> _PROBLEM TO WORK ON_
Output the whole listing below. Keep it exact.

> _RECORDS SUPPLIED_
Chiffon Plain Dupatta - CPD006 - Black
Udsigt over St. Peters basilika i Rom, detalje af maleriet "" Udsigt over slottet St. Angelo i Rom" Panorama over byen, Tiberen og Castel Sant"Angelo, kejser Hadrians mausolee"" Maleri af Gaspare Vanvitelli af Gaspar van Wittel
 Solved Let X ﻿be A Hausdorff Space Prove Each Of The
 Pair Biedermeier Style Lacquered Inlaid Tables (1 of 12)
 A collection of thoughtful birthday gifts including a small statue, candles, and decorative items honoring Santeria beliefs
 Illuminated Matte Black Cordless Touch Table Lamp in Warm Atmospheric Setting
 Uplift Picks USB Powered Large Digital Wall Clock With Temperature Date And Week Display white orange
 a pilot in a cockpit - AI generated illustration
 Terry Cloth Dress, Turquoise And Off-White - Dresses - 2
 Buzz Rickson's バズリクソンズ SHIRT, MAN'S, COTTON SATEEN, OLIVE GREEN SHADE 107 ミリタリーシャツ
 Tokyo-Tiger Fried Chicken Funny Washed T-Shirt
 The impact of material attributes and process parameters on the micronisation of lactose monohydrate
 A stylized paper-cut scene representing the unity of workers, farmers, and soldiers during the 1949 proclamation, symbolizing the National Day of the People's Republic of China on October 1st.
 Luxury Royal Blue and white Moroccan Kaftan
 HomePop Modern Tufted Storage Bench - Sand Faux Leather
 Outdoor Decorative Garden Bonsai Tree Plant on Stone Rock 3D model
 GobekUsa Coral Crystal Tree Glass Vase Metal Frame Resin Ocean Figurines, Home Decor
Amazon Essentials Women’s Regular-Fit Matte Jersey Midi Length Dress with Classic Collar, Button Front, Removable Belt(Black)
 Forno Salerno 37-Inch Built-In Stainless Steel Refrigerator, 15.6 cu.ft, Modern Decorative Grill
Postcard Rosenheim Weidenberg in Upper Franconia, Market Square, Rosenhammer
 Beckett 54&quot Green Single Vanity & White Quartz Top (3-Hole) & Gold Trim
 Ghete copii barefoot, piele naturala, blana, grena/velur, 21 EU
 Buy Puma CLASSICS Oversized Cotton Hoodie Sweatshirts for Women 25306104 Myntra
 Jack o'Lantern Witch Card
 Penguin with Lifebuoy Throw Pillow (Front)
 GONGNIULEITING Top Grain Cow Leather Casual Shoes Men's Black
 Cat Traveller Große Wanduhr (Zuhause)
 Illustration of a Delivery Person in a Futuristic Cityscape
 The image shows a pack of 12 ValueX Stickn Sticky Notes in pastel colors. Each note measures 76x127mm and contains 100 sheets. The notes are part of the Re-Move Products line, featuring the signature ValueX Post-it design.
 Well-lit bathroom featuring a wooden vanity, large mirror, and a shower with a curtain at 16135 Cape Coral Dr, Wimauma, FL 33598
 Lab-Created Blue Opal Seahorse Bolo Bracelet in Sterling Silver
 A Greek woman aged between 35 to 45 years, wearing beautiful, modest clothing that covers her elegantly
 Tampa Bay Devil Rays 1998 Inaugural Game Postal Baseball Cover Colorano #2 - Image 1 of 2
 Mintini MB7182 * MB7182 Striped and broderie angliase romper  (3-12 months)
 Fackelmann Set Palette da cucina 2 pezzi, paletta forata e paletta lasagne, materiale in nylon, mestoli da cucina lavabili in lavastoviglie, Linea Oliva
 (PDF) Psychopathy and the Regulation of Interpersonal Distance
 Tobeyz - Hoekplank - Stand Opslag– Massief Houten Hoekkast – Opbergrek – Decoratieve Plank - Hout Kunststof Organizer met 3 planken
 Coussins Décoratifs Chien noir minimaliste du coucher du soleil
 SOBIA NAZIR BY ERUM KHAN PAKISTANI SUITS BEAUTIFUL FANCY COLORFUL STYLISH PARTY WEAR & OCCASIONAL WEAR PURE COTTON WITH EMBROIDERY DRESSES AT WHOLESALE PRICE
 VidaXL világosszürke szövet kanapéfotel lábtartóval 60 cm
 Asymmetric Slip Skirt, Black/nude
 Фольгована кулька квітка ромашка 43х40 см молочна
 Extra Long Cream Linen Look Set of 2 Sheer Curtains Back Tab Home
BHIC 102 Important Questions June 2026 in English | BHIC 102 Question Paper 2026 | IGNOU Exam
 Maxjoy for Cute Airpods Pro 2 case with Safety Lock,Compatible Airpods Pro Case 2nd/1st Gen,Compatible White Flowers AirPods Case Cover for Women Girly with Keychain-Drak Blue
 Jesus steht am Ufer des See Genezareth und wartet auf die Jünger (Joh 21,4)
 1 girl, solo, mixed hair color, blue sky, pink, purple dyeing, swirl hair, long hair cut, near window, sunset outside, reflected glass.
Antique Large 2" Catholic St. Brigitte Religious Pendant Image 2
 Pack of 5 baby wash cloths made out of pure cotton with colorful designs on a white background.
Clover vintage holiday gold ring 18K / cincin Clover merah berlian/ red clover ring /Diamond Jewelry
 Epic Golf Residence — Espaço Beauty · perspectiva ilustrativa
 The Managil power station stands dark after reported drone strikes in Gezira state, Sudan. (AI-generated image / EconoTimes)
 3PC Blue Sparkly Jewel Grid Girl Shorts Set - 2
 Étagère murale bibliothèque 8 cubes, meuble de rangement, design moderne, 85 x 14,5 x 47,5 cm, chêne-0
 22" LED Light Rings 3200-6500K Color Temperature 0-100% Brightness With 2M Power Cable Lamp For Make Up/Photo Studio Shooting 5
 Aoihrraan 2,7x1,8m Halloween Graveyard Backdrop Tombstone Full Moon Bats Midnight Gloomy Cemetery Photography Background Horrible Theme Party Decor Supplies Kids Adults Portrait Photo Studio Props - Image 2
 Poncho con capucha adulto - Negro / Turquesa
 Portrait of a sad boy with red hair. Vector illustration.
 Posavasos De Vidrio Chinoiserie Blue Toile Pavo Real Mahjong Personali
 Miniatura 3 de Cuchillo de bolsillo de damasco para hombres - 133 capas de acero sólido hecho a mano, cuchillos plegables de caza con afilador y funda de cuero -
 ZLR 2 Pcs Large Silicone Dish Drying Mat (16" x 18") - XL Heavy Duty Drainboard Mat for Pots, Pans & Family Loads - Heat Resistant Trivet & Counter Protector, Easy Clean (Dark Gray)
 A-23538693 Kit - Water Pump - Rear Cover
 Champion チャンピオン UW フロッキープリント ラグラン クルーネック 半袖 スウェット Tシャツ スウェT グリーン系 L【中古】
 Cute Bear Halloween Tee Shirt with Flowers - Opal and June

> _SOLUTION TO THIS PROBLEM_
Chiffon Plain Dupatta - CPD006 - Black
Udsigt over St. Peters basilika i Rom, detalje af maleriet "" Udsigt over slottet St. Angelo i Rom" Panorama over byen, Tiberen og Castel Sant"Angelo, kejser Hadrians mausolee"" Maleri af Gaspare Vanvitelli af Gaspar van Wittel
 Solved Let X ﻿be A Hausdorff Space Prove Each Of The
 Pair Biedermeier Style Lacquered Inlaid Tables (1 of 12)
 A collection of thoughtful birthday gifts including a small statue, candles, and decorative items honoring Santeria beliefs
 Illuminated Matte Black Cordless Touch Table Lamp in Warm Atmospheric Setting
 Uplift Picks USB Powered Large Digital Wall Clock With Temperature Date And Week Display white orange
 a pilot in a cockpit - AI generated illustration
 Terry Cloth Dress, Turquoise And Off-White - Dresses - 2
 Buzz Rickson's バズリクソンズ SHIRT, MAN'S, COTTON SATEEN, OLIVE GREEN SHADE 107 ミリタリーシャツ
 Tokyo-Tiger Fried Chicken Funny Washed T-Shirt
 The impact of material attributes and process parameters on the micronisation of lactose monohydrate
 A stylized paper-cut scene representing the unity of workers, farmers, and soldiers during the 1949 proclamation, symbolizing the National Day of the People's Republic of China on October 1st.
 Luxury Royal Blue and white Moroccan Kaftan
 HomePop Modern Tufted Storage Bench - Sand Faux Leather
 Outdoor Decorative Garden Bonsai Tree Plant on Stone Rock 3D model
 GobekUsa Coral Crystal Tree Glass Vase Metal Frame Resin Ocean Figurines, Home Decor
Amazon Essentials Women’s Regular-Fit Matte Jersey Midi Length Dress with Classic Collar, Button Front, Removable Belt(Black)
 Forno Salerno 37-Inch Built-In Stainless Steel Refrigerator, 15.6 cu.ft, Modern Decorative Grill
Postcard Rosenheim Weidenberg in Upper Franconia, Market Square, Rosenhammer
 Beckett 54&quot Green Single Vanity & White Quartz Top (3-Hole) & Gold Trim
 Ghete copii barefoot, piele naturala, blana, grena/velur, 21 EU
 Buy Puma CLASSICS Oversized Cotton Hoodie Sweatshirts for Women 25306104 Myntra
 Jack o'Lantern Witch Card
 Penguin with Lifebuoy Throw Pillow (Front)
 GONGNIULEITING Top Grain Cow Leather Casual Shoes Men's Black
 Cat Traveller Große Wanduhr (Zuhause)
 Illustration of a Delivery Person in a Futuristic Cityscape
 The image shows a pack of 12 ValueX Stickn Sticky Notes in pastel colors. Each note measures 76x127mm and contains 100 sheets. The notes are part of the Re-Move Products line, featuring the signature ValueX Post-it design.
 Well-lit bathroom featuring a wooden vanity, large mirror, and a shower with a curtain at 16135 Cape Coral Dr, Wimauma, FL 33598
 Lab-Created Blue Opal Seahorse Bolo Bracelet in Sterling Silver
 A Greek woman aged between 35 to 45 years, wearing beautiful, modest clothing that covers her elegantly
 Tampa Bay Devil Rays 1998 Inaugural Game Postal Baseball Cover Colorano #2 - Image 1 of 2
 Mintini MB7182 * MB7182 Striped and broderie angliase romper  (3-12 months)
 Fackelmann Set Palette da cucina 2 pezzi, paletta forata e paletta lasagne, materiale in nylon, mestoli da cucina lavabili in lavastoviglie, Linea Oliva
 (PDF) Psychopathy and the Regulation of Interpersonal Distance
 Tobeyz - Hoekplank - Stand Opslag– Massief Houten Hoekkast – Opbergrek – Decoratieve Plank - Hout Kunststof Organizer met 3 planken
 Coussins Décoratifs Chien noir minimaliste du coucher du soleil
 SOBIA NAZIR BY ERUM KHAN PAKISTANI SUITS BEAUTIFUL FANCY COLORFUL STYLISH PARTY WEAR & OCCASIONAL WEAR PURE COTTON WITH EMBROIDERY DRESSES AT WHOLESALE PRICE
 VidaXL világosszürke szövet kanapéfotel lábtartóval 60 cm
 Asymmetric Slip Skirt, Black/nude
 Фольгована кулька квітка ромашка 43х40 см молочна
 Extra Long Cream Linen Look Set of 2 Sheer Curtains Back Tab Home
BHIC 102 Important Questions June 2026 in English | BHIC 102 Question Paper 2026 | IGNOU Exam
 Maxjoy for Cute Airpods Pro 2 case with Safety Lock,Compatible Airpods Pro Case 2nd/1st Gen,Compatible White Flowers AirPods Case Cover for Women Girly with Keychain-Drak Blue
 Jesus steht am Ufer des See Genezareth und wartet auf die Jünger (Joh 21,4)
 1 girl, solo, mixed hair color, blue sky, pink, purple dyeing, swirl hair, long hair cut, near window, sunset outside, reflected glass.
Antique Large 2" Catholic St. Brigitte Religious Pendant Image 2
 Pack of 5 baby wash cloths made out of pure cotton with colorful designs on a white background.
Clover vintage holiday gold ring 18K / cincin Clover merah berlian/ red clover ring /Diamond Jewelry
 Epic Golf Residence — Espaço Beauty · perspectiva ilustrativa
 The Managil power station stands dark after reported drone strikes in Gezira state, Sudan. (AI-generated image / EconoTimes)
 3PC Blue Sparkly Jewel Grid Girl Shorts Set - 2
 Étagère murale bibliothèque 8 cubes, meuble de rangement, design moderne, 85 x 14,5 x 47,5 cm, chêne-0
 22" LED Light Rings 3200-6500K Color Temperature 0-100% Brightness With 2M Power Cable Lamp For Make Up/Photo Studio Shooting 5
 Aoihrraan 2,7x1,8m Halloween Graveyard Backdrop Tombstone Full Moon Bats Midnight Gloomy Cemetery Photography Background Horrible Theme Party Decor Supplies Kids Adults Portrait Photo Studio Props - Image 2
 Poncho con capucha adulto - Negro / Turquesa
 Portrait of a sad boy with red hair. Vector illustration.
 Posavasos De Vidrio Chinoiserie Blue Toile Pavo Real Mahjong Personali
 Miniatura 3 de Cuchillo de bolsillo de damasco para hombres - 133 capas de acero sólido hecho a mano, cuchillos plegables de caza con afilador y funda de cuero -
 ZLR 2 Pcs Large Silicone Dish Drying Mat (16" x 18") - XL Heavy Duty Drainboard Mat for Pots, Pans & Family Loads - Heat Resistant Trivet & Counter Protector, Easy Clean (Dark Gray)
 A-23538693 Kit - Water Pump - Rear Cover
 Champion チャンピオン UW フロッキープリント ラグラン クルーネック 半袖 スウェット Tシャツ スウェT グリーン系 L【中古】
 Cute Bear Halloween Tee Shirt with Flowers - Opal and June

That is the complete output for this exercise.